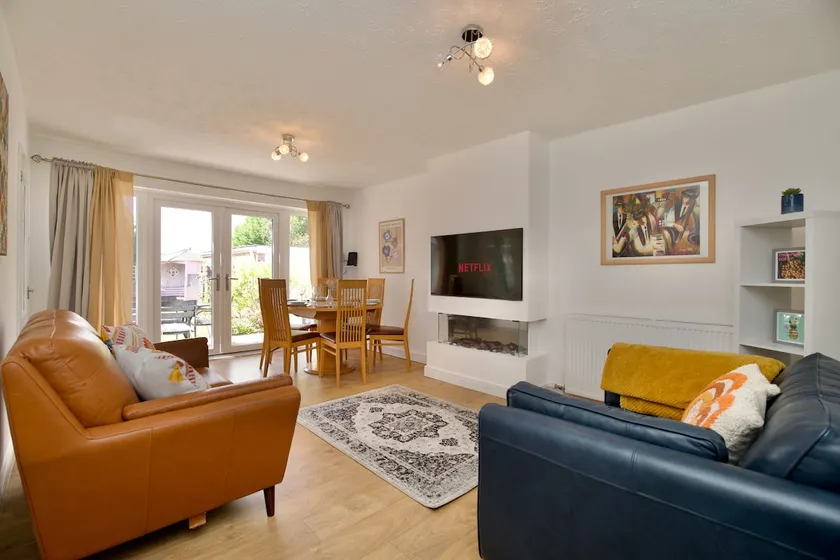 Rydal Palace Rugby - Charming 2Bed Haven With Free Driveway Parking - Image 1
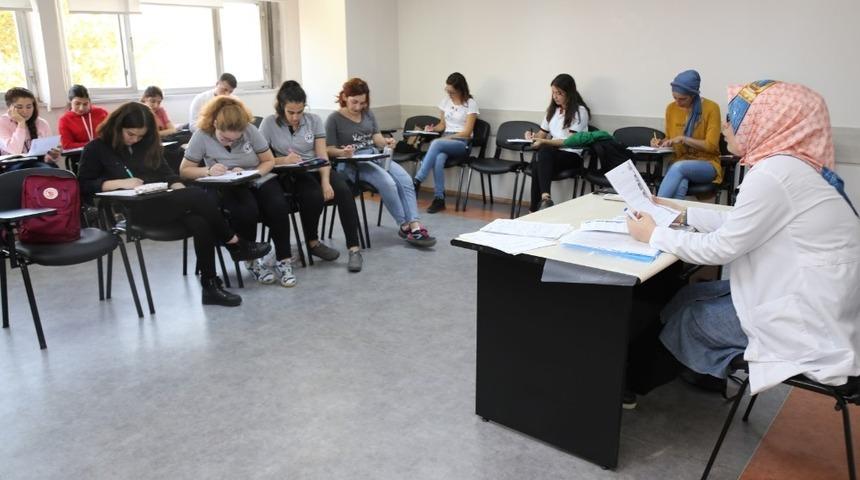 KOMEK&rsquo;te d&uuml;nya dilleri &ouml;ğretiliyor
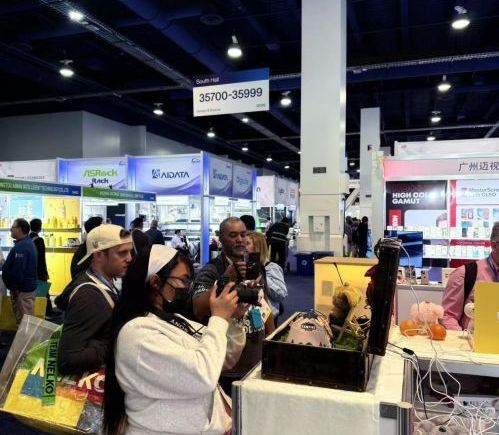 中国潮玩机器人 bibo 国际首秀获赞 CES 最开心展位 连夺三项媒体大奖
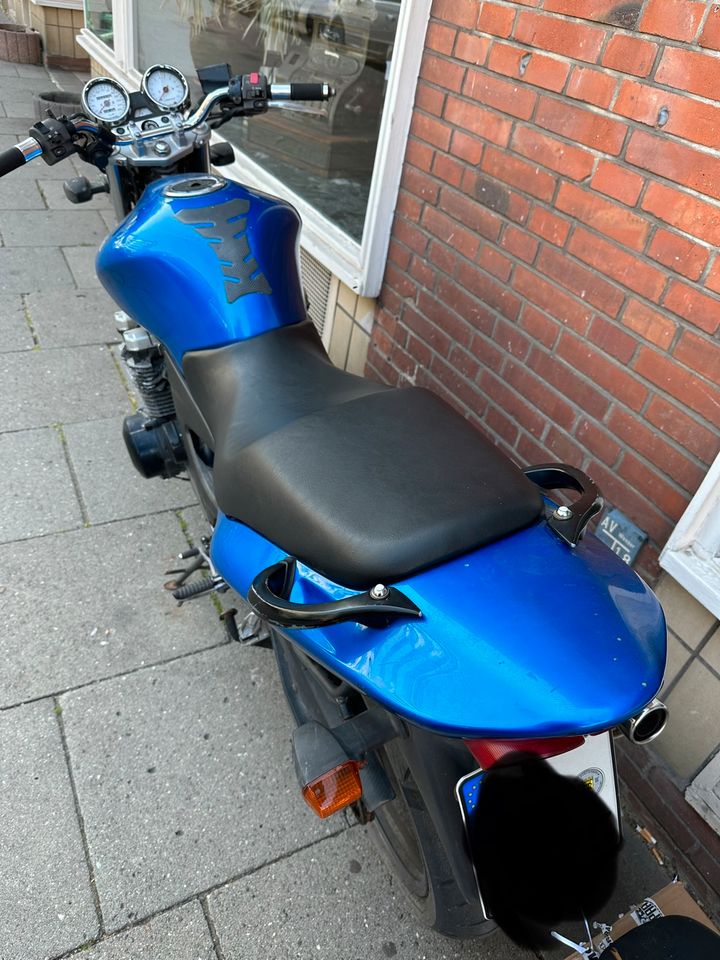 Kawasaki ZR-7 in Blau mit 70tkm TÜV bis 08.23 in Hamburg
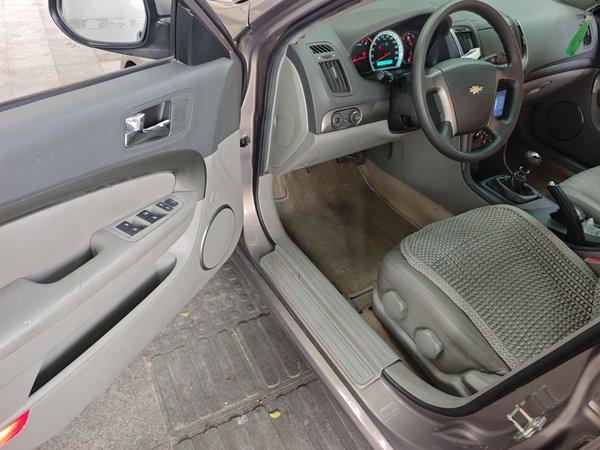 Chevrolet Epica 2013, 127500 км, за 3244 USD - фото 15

--

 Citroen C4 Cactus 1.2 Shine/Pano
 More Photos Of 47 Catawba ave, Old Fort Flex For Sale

Assignment: Above is the material; set down exactly its lines from the one containing "Rydal Palace Rugby" down to the one containing "Chevrolet Epica 2013, 127500", both included, leaving out any pictures.

Written answer:
 Rydal Palace Rugby - Charming 2Bed Haven With Free Driveway Parking - Image 1
 KOMEK&rsquo;te d&uuml;nya dilleri &ouml;ğretiliyor
 中国潮玩机器人 bibo 国际首秀获赞 CES 最开心展位 连夺三项媒体大奖
 Kawasaki ZR-7 in Blau mit 70tkm TÜV bis 08.23 in Hamburg
 Chevrolet Epica 2013, 127500 км, за 3244 USD - фото 15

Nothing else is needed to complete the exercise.